Approach:

- Convert image into 1D array
- Save into CSV file
- Used the CSV file to Train the model

## Unsupervised Learning

Step 1: Problem Definition and Objective Setting

    The goal is to classify facial expressions into emotion categories (e.g., anger, happiness, sadness, etc.).
    We’ll use accuracy as the primary evaluation metric.

Import Modules

In [3]:

import pandas as pd
import os
import cv2  # OpenCV for image processing
import numpy as np
from sklearn.model_selection import train_test_split
from tensorflow.keras.models import Sequential
from tensorflow.keras.layers import Conv2D, MaxPooling2D, Flatten, Dense, Dropout
from tensorflow.keras.optimizers import Adam
from sklearn.metrics import confusion_matrix,classification_report

classes (anger, happy, sad, ...)

Directory:


In [None]:
"""

emotion_dataset
    anger
        1.jpg
        2.jpg
        ...
    happy
        1.jpg
    sad
        1.jpg
        
"""

Step 2: Data Collection and Preparation

    Download the FER-2013 dataset from Kaggle and unzip it to a directory, for example, fer2013/.

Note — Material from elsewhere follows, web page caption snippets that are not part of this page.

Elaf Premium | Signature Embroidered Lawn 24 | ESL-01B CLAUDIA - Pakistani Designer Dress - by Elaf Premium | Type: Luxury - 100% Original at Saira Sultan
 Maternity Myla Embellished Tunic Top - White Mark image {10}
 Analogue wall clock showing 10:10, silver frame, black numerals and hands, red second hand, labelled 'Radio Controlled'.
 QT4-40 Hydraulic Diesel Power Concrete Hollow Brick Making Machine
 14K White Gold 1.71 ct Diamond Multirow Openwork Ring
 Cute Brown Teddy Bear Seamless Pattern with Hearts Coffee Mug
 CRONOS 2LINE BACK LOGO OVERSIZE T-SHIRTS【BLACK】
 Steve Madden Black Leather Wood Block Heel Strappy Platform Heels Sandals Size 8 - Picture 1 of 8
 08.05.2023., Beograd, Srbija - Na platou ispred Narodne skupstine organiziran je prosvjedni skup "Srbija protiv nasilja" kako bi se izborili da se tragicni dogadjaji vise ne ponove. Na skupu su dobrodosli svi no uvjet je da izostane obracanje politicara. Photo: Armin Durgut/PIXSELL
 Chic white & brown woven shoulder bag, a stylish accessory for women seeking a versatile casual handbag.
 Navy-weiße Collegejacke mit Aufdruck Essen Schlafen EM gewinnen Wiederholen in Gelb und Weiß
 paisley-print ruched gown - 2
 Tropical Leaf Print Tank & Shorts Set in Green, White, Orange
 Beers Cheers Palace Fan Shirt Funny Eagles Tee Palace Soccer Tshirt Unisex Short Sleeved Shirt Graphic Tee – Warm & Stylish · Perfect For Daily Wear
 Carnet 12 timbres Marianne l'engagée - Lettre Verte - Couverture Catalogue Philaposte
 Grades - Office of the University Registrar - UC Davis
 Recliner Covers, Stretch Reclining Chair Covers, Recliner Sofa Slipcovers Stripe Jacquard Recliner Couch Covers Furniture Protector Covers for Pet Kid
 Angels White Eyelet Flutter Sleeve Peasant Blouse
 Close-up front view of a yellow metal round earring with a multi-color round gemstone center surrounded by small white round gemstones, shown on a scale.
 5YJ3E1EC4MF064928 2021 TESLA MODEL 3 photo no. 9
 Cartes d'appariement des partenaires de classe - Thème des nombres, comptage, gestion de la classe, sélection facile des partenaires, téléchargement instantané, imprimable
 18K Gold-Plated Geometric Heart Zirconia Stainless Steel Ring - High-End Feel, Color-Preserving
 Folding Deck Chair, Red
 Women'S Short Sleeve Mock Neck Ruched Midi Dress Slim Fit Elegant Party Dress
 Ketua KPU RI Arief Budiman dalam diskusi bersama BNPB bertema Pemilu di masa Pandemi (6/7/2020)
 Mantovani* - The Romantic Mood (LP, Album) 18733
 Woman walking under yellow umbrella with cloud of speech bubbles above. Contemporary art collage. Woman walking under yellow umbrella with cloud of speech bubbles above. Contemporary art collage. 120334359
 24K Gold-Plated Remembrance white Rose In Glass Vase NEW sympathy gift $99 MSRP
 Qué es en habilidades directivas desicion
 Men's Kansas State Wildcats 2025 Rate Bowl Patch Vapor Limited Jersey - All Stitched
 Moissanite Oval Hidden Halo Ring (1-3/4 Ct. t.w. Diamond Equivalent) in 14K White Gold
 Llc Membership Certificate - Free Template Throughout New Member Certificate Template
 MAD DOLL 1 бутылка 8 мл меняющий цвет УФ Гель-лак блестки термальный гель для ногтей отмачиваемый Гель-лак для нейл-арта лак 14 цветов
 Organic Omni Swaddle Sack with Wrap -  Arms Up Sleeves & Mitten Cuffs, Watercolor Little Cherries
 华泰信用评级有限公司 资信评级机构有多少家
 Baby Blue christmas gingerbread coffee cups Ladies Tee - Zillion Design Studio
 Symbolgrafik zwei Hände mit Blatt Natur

Approach Used: Load the image in a csv. The csv file will used to train the model.

- Load Image Dataset into CSV

Here’s a complete example using Python, assuming you have a folder of images and you want to create a CSV file with pixel values and labels (if applicable).

Assumptions:

    - Images are in a directory named images/.
    - Labels are either embedded in the file names (e.g., happy_01.jpg, sad_02.jpg) or you have a separate list of labels.

Use this code

In [None]:
# emotion_dataset
#     anger_1.jpg
#     anger_2.jpg
#     happy_1.jpg
#     sad_1.jpg

# Directory containing images
image_dir = 'emotion_image_datasets/'
image_size = (48, 48)  # Desired image size (48x48 for FER-2013)

# Initialize lists to hold data
data = []
labels = []

# Loop through all images in the directory
for filename in os.listdir(image_dir):
    if filename.endswith('.jpg') or filename.endswith('.png'):
        img_path = os.path.join(image_dir, filename)
        
        # Load the image using OpenCV
        img = cv2.imread(img_path, cv2.IMREAD_GRAYSCALE)  # Read image in grayscale
        img = cv2.resize(img, image_size)  # Resize image to the desired size

        # Flatten the image to a 1D array
        img_flat = img.flatten()
        
        # Extract label from filename (if applicable)
        # Example: 'happy_01.jpg' -> label 'happy'
        label = filename.split('_')[0]  # Assuming label is the first part before '_'
        
        # Append image data and label to lists
        data.append(img_flat)
        labels.append(label)

# Create a DataFrame from the data
df = pd.DataFrame(data)
df['emotion'] = labels  # Add the labels as a new column

# Save the DataFrame to a CSV file
csv_path = 'emotion_datasets.csv'
df.to_csv(csv_path, index=False)

print(f'Data saved to {csv_path}')


OR

In [1]:
# emotion_dataset
#     anger
#         1.jpg
#         2.jpg
#         ...
#     happy
#         1.jpg
#     sad
#         1.jpg

# Directory containing subfolders of images
dataset_dir = 'emotion_image_datasets/'
image_size = (48, 48)  # Desired image size (e.g., 48x48 for FER-2013)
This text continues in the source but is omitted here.